What to work on ▸ Write out the whole listing below exactly, skipping each picture.

Given data ▸
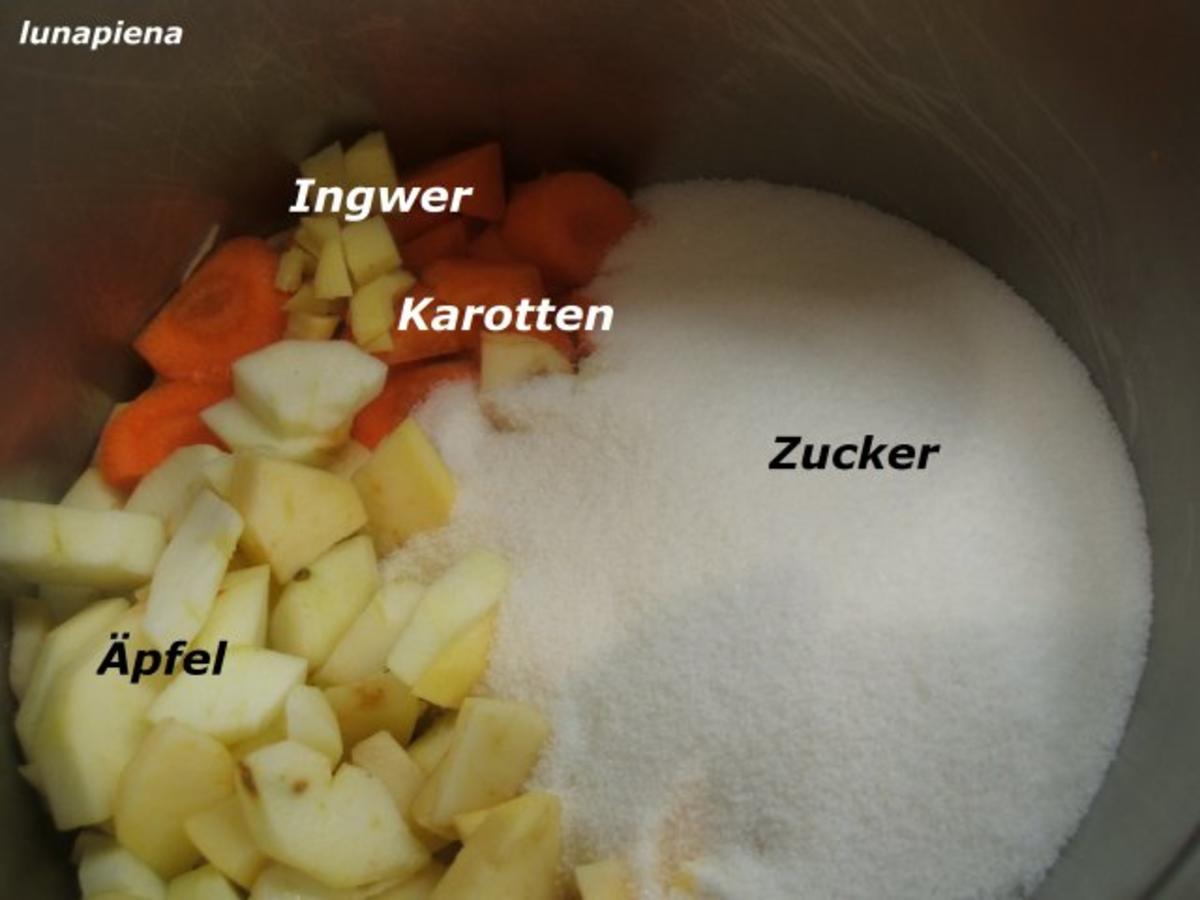 Vorrat: Apfel Karotten Marmelade - einfach - von lunapiena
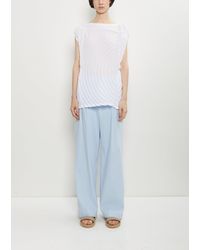 Issey Miyake - Washi Paper Wide Leg Pants - Lyst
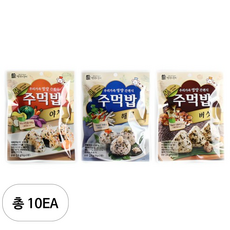 맛있는풍경 주먹밥 야채 + 버섯 + 해물, 10세트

Worked solution ▸
 Vorrat: Apfel Karotten Marmelade - einfach - von lunapiena
 Issey Miyake - Washi Paper Wide Leg Pants - Lyst
 맛있는풍경 주먹밥 야채 + 버섯 + 해물, 10세트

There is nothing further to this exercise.